=== DATA EXTRACT ===
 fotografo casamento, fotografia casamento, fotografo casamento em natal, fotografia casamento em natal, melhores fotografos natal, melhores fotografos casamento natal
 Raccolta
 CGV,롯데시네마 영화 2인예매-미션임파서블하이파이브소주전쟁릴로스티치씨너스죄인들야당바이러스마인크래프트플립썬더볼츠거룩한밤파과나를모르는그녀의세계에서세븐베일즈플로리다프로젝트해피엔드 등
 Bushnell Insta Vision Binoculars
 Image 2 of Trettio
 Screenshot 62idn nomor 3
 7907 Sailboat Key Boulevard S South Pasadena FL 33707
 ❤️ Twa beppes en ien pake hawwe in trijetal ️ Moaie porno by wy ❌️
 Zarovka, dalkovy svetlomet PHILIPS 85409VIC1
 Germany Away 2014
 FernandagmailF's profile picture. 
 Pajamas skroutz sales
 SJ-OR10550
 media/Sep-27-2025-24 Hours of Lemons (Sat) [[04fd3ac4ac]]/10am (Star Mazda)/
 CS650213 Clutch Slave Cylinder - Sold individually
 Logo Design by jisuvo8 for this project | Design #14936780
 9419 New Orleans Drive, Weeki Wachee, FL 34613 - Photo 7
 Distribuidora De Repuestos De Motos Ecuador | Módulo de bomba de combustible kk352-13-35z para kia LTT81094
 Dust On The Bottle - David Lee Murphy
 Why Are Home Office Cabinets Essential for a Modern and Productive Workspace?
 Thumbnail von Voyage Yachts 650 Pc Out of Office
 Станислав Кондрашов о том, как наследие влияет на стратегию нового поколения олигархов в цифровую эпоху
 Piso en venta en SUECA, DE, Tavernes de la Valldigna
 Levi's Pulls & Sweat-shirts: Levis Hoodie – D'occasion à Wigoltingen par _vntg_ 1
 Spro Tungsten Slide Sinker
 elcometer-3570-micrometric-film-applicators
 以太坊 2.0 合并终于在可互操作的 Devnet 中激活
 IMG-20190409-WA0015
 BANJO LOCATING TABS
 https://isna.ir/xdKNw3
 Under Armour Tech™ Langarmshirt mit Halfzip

=== WORK INSTRUCTIONS ===
Reproduce exactly the final stretch of the listing, starting at the line that contains "elcometer-3570-micrometric-film-applicators" and ending with the last line.

=== TASK RESPONSE ===
 elcometer-3570-micrometric-film-applicators
 以太坊 2.0 合并终于在可互操作的 Devnet 中激活
 IMG-20190409-WA0015
 BANJO LOCATING TABS
 https://isna.ir/xdKNw3
 Under Armour Tech™ Langarmshirt mit Halfzip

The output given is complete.